DATA EXCERPTS:
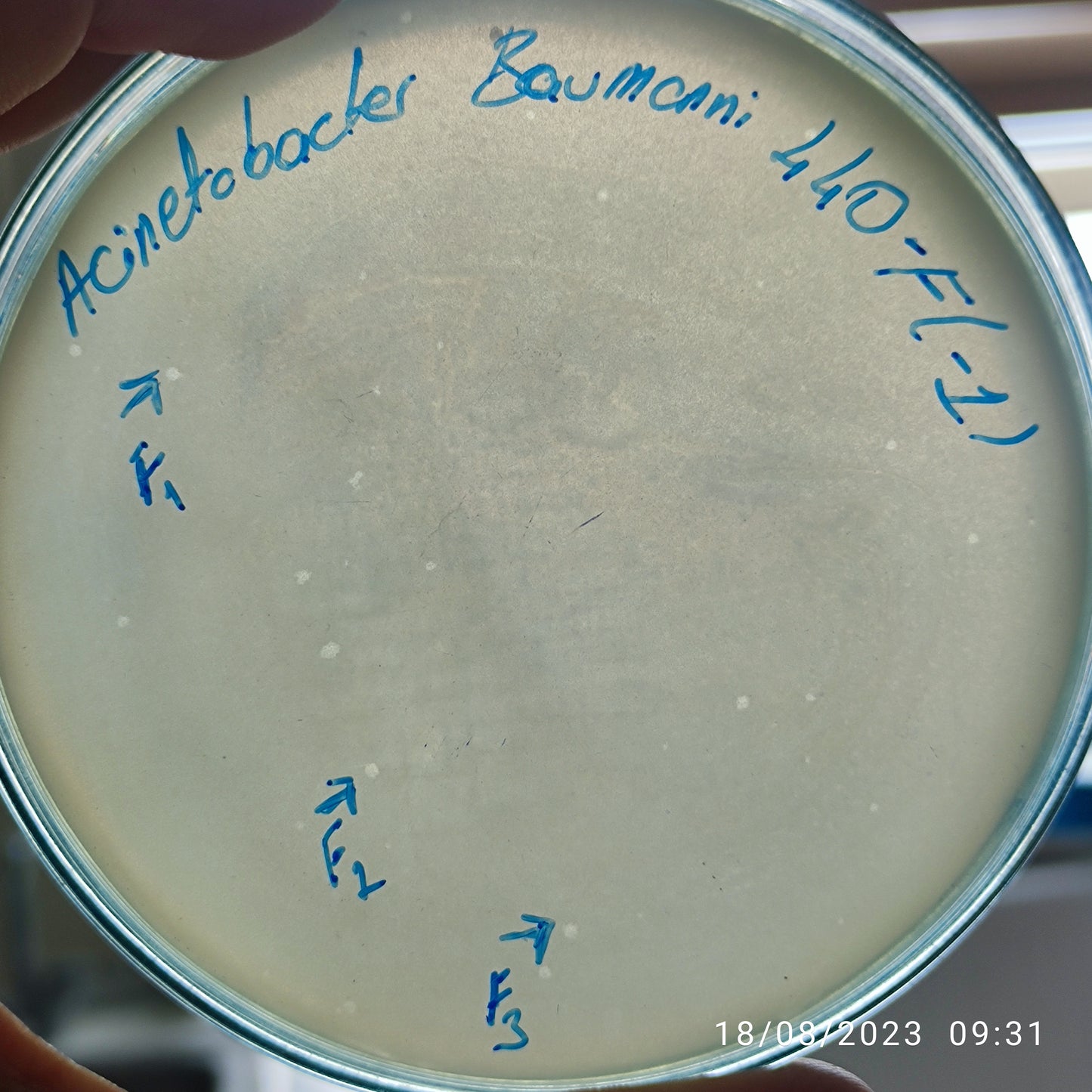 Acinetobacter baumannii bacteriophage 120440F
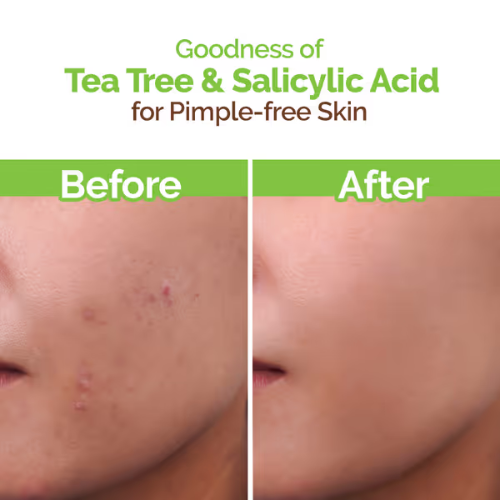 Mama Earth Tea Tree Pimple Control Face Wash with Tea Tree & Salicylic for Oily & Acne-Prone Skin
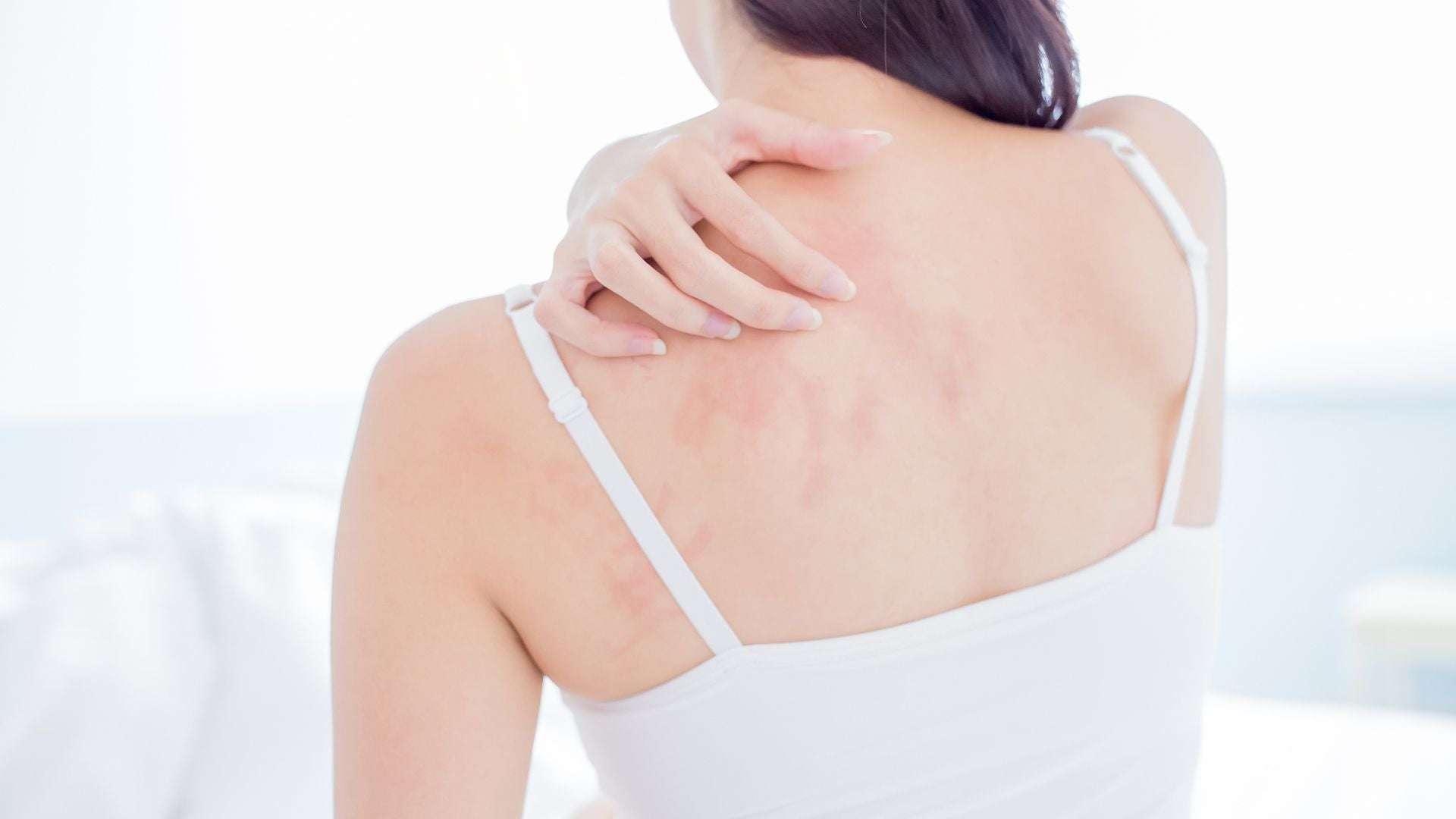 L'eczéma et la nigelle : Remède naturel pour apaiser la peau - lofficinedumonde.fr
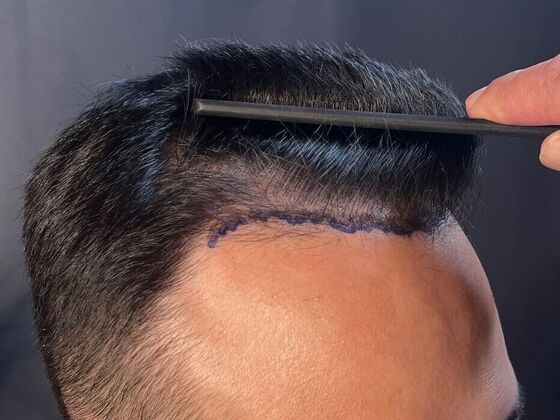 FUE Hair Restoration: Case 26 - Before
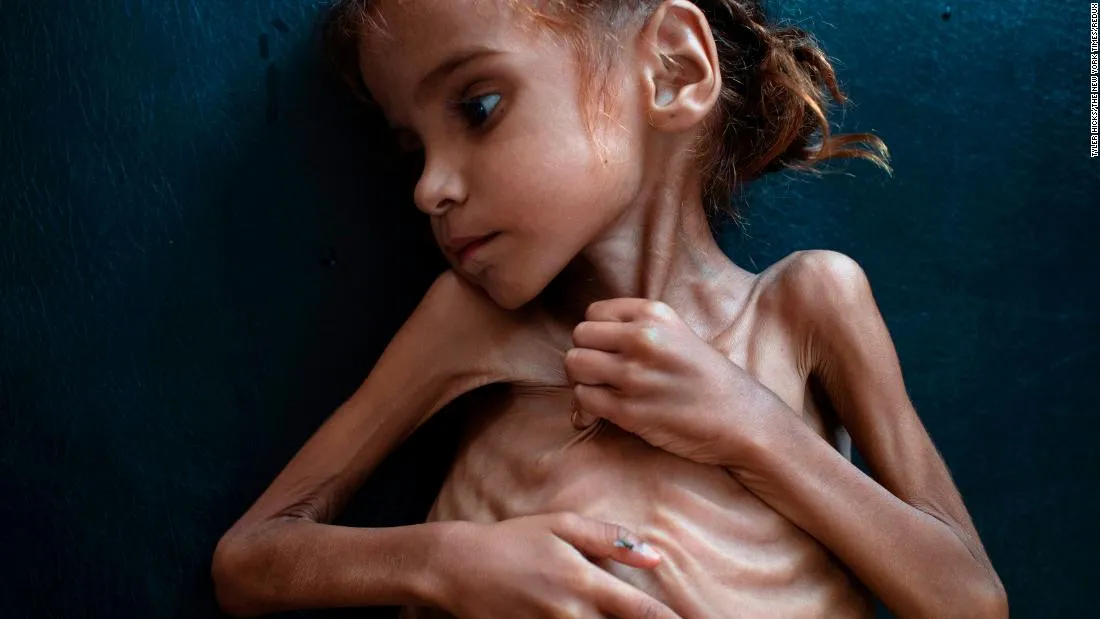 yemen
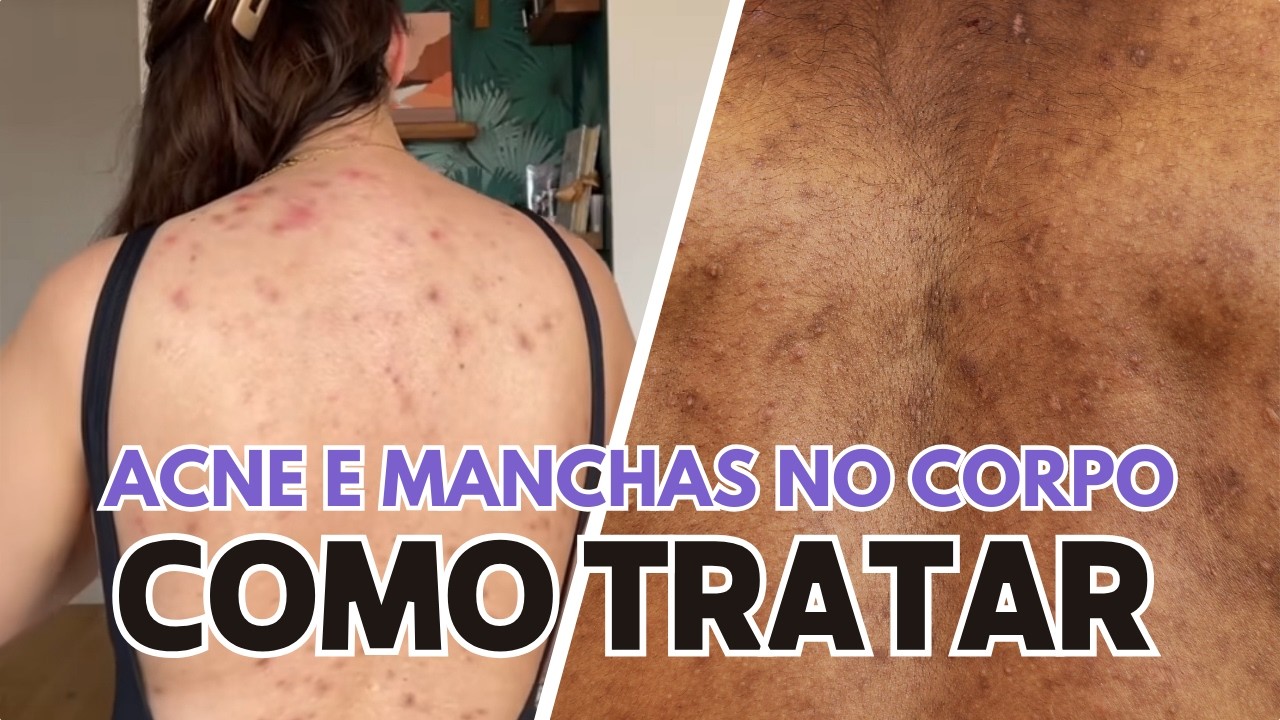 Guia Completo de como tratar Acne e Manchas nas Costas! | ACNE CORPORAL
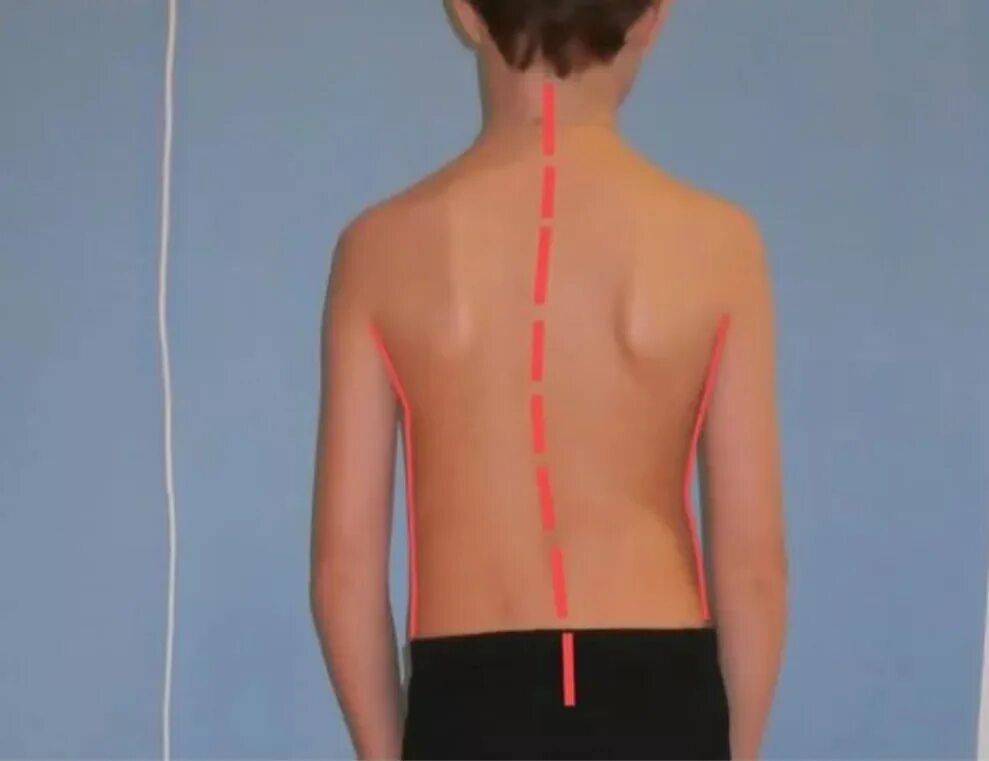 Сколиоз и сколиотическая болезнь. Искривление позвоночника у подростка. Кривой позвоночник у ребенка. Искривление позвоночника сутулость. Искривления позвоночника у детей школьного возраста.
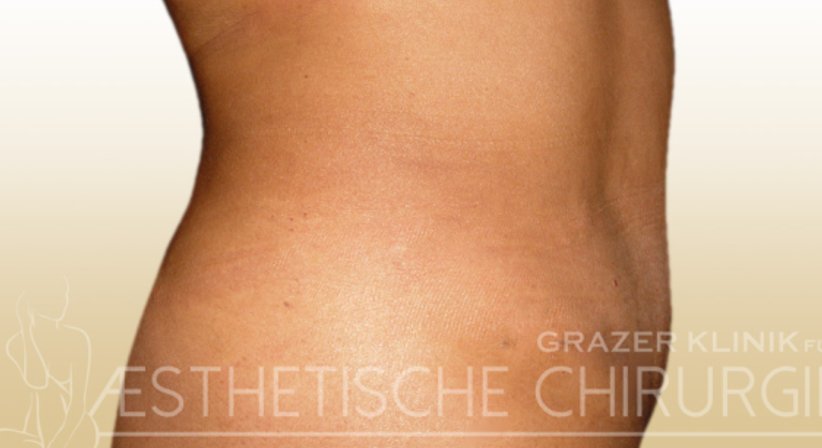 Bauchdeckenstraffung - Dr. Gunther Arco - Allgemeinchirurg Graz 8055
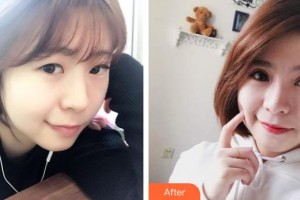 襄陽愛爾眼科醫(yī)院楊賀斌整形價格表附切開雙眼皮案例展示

YOUR INSTRUCTIONS: Output each record above word for word, leaving out images.

OUTPUT FOR THIS EXERCISE:
 Acinetobacter baumannii bacteriophage 120440F
 Mama Earth Tea Tree Pimple Control Face Wash with Tea Tree & Salicylic for Oily & Acne-Prone Skin
 L'eczéma et la nigelle : Remède naturel pour apaiser la peau - lofficinedumonde.fr
 FUE Hair Restoration: Case 26 - Before
 yemen
 Guia Completo de como tratar Acne e Manchas nas Costas! | ACNE CORPORAL
 Сколиоз и сколиотическая болезнь. Искривление позвоночника у подростка. Кривой позвоночник у ребенка. Искривление позвоночника сутулость. Искривления позвоночника у детей школьного возраста.
 Bauchdeckenstraffung - Dr. Gunther Arco - Allgemeinchirurg Graz 8055
 襄陽愛爾眼科醫(yī)院楊賀斌整形價格表附切開雙眼皮案例展示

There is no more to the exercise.